- [DIRECTIONS FOR THIS TASK] Set down the listing below verbatim, but only from its first line through the line containing "600x352，飛機，战斗机，F-4J, Phantom II，，航空，".

- [DATASET CONTENT]
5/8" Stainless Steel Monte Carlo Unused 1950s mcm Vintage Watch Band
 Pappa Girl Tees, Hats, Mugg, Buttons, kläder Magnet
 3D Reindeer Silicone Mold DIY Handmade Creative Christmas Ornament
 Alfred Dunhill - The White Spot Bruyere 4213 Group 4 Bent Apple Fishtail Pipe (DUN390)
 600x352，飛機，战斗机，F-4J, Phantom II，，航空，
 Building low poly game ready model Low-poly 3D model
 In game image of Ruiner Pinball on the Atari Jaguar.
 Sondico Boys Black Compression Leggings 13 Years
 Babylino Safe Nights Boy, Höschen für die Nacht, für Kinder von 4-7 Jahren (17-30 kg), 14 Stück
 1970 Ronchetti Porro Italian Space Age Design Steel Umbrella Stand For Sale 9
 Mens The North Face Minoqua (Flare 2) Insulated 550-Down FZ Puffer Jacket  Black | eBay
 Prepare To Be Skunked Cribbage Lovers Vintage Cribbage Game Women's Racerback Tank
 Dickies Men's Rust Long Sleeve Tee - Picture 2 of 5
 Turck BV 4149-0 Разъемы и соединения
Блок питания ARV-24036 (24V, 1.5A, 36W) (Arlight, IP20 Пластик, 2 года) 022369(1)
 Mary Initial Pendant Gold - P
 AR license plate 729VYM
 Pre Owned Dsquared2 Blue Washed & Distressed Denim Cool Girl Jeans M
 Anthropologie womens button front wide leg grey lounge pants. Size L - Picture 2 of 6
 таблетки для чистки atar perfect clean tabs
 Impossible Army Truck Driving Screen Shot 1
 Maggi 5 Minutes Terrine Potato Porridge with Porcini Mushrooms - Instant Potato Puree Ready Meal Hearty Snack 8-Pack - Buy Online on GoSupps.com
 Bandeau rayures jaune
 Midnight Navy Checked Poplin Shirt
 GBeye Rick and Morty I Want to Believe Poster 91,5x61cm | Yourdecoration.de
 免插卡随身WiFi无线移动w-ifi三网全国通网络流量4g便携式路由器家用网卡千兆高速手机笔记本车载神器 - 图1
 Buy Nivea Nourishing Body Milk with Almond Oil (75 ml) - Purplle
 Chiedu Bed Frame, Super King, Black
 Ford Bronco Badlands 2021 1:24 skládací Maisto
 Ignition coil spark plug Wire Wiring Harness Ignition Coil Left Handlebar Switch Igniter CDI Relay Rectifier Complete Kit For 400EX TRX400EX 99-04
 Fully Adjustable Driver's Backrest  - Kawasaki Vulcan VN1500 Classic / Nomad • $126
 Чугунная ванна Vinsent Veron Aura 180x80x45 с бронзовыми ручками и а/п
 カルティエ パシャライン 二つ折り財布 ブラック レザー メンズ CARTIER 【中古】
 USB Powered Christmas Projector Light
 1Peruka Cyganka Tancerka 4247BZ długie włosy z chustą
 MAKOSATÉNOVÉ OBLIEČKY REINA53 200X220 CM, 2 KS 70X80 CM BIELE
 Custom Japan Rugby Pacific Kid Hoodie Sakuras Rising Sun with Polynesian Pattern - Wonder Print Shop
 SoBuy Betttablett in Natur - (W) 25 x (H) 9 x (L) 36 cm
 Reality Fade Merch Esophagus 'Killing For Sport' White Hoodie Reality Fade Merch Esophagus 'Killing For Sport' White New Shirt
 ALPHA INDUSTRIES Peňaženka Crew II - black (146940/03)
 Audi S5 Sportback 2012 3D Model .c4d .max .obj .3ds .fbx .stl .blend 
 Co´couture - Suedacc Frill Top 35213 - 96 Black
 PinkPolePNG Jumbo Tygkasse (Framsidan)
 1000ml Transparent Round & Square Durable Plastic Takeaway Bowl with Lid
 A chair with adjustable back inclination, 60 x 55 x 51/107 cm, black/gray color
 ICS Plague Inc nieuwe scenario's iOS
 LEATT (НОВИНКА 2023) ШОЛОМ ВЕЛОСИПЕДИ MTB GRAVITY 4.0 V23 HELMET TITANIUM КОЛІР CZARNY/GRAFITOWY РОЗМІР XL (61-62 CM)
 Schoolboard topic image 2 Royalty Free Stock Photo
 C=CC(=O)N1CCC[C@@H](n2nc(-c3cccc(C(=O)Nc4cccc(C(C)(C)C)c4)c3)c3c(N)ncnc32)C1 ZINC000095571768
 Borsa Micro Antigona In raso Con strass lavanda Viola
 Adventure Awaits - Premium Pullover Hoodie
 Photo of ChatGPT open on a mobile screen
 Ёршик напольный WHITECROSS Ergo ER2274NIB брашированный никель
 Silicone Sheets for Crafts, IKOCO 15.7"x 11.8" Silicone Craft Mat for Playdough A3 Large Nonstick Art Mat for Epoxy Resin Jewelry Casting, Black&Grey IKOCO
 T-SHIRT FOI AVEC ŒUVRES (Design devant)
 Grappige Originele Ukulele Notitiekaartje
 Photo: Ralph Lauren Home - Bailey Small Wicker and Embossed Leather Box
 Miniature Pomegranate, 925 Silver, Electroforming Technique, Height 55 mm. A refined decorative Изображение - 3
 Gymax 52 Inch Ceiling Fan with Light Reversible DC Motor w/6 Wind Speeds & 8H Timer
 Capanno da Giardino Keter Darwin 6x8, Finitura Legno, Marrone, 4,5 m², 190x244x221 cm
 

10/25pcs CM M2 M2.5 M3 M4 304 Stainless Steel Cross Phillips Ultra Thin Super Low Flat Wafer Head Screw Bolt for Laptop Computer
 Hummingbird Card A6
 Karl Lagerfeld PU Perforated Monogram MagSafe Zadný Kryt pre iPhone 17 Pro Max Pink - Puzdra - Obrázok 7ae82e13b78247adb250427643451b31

- [RESULT BELOW]
5/8" Stainless Steel Monte Carlo Unused 1950s mcm Vintage Watch Band
 Pappa Girl Tees, Hats, Mugg, Buttons, kläder Magnet
 3D Reindeer Silicone Mold DIY Handmade Creative Christmas Ornament
 Alfred Dunhill - The White Spot Bruyere 4213 Group 4 Bent Apple Fishtail Pipe (DUN390)
 600x352，飛機，战斗机，F-4J, Phantom II，，航空，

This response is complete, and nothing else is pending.